> INSTRUCTIONS FOR THE TASK
Starting at the line that contains "Image 16 - 891728" and stopping at the line that contains "Apartamento à venda", transcribe every line of the material below exactly; pictures stay out.

> RECORDS SHOWN

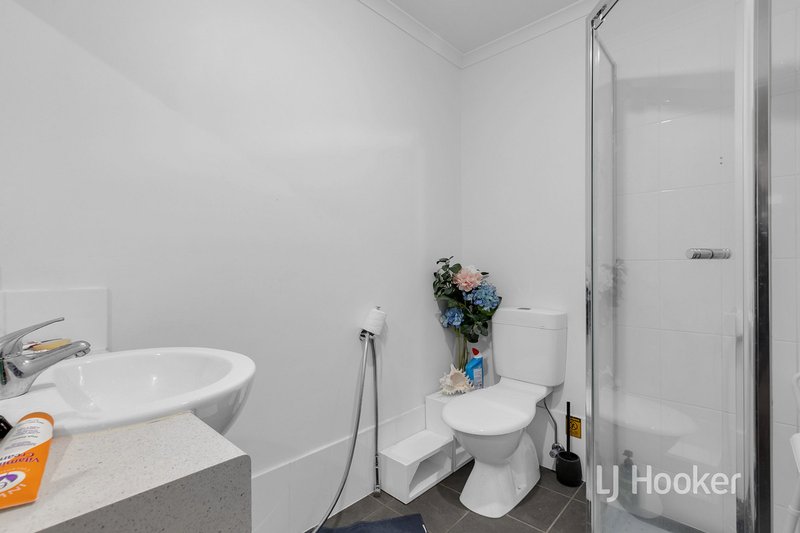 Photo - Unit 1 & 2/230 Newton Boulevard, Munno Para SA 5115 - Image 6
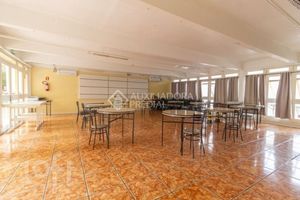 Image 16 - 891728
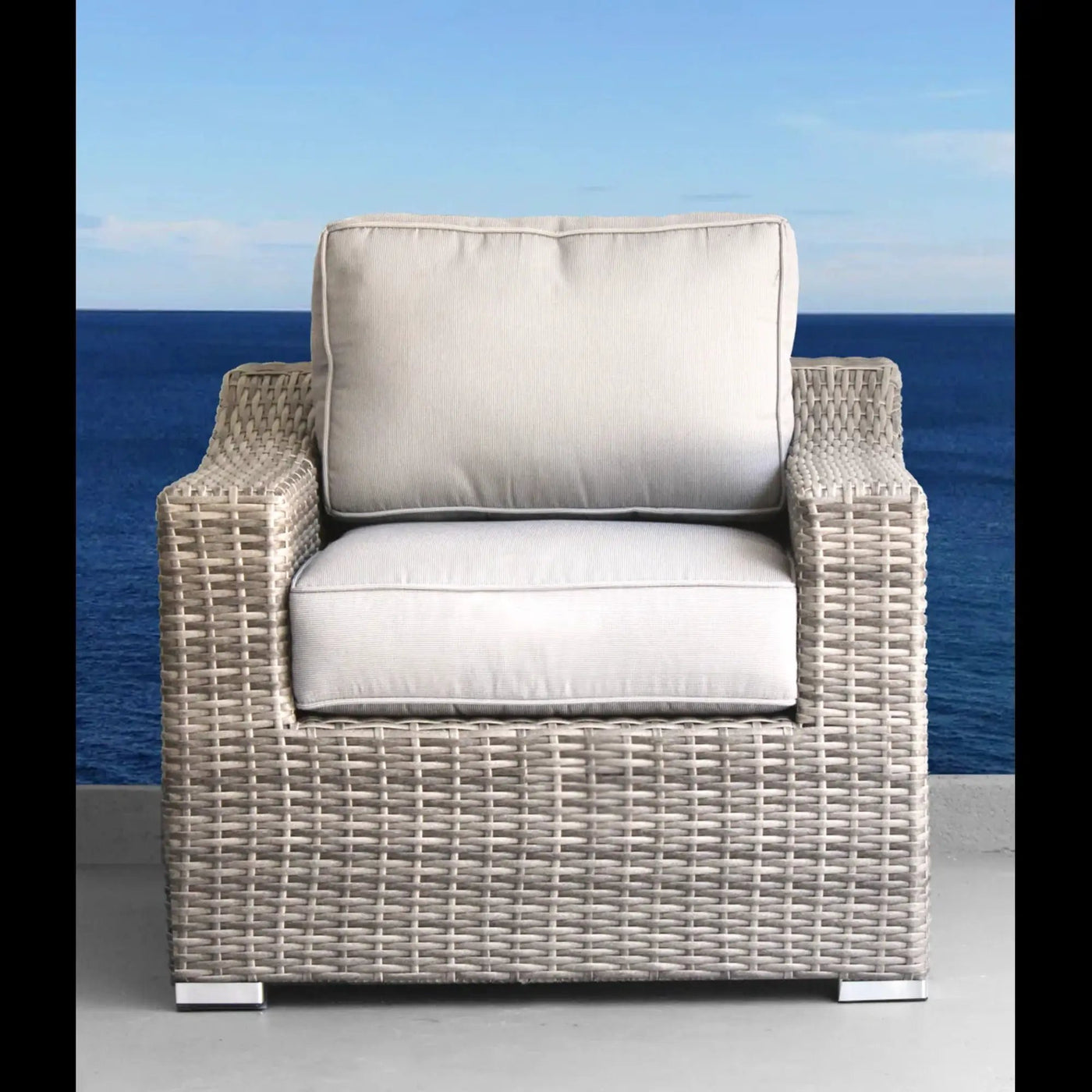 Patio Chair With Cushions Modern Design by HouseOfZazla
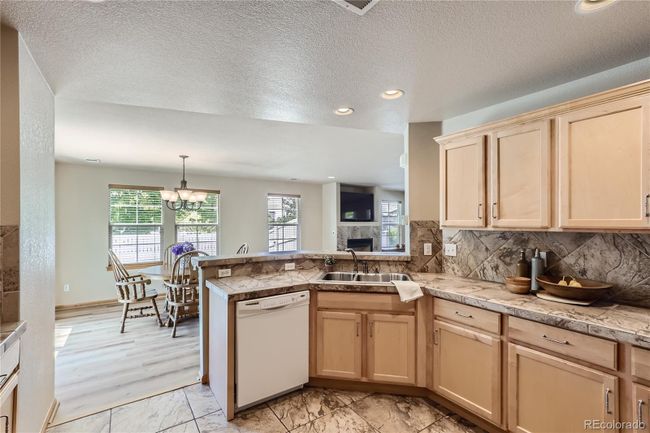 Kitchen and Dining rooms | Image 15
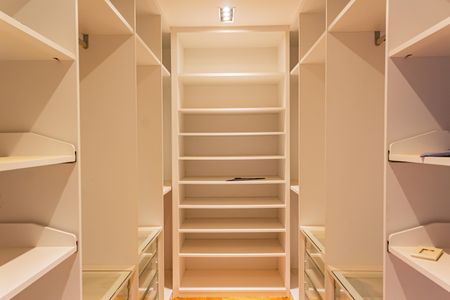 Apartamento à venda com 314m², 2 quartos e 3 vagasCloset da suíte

--

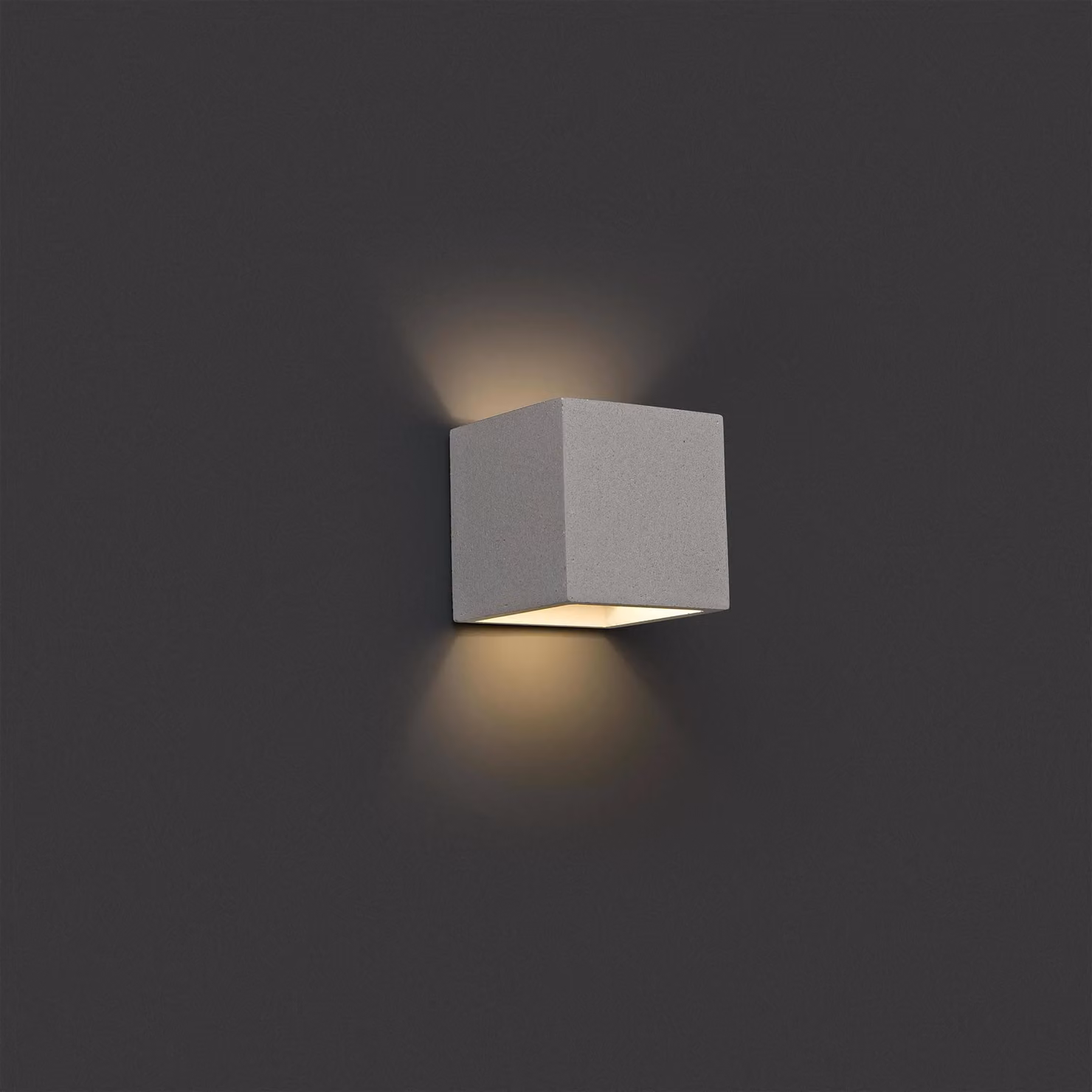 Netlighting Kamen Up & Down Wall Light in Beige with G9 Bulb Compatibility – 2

> REPLY
 Image 16 - 891728
 Patio Chair With Cushions Modern Design by HouseOfZazla
 Kitchen and Dining rooms | Image 15
 Apartamento à venda com 314m², 2 quartos e 3 vagasCloset da suíte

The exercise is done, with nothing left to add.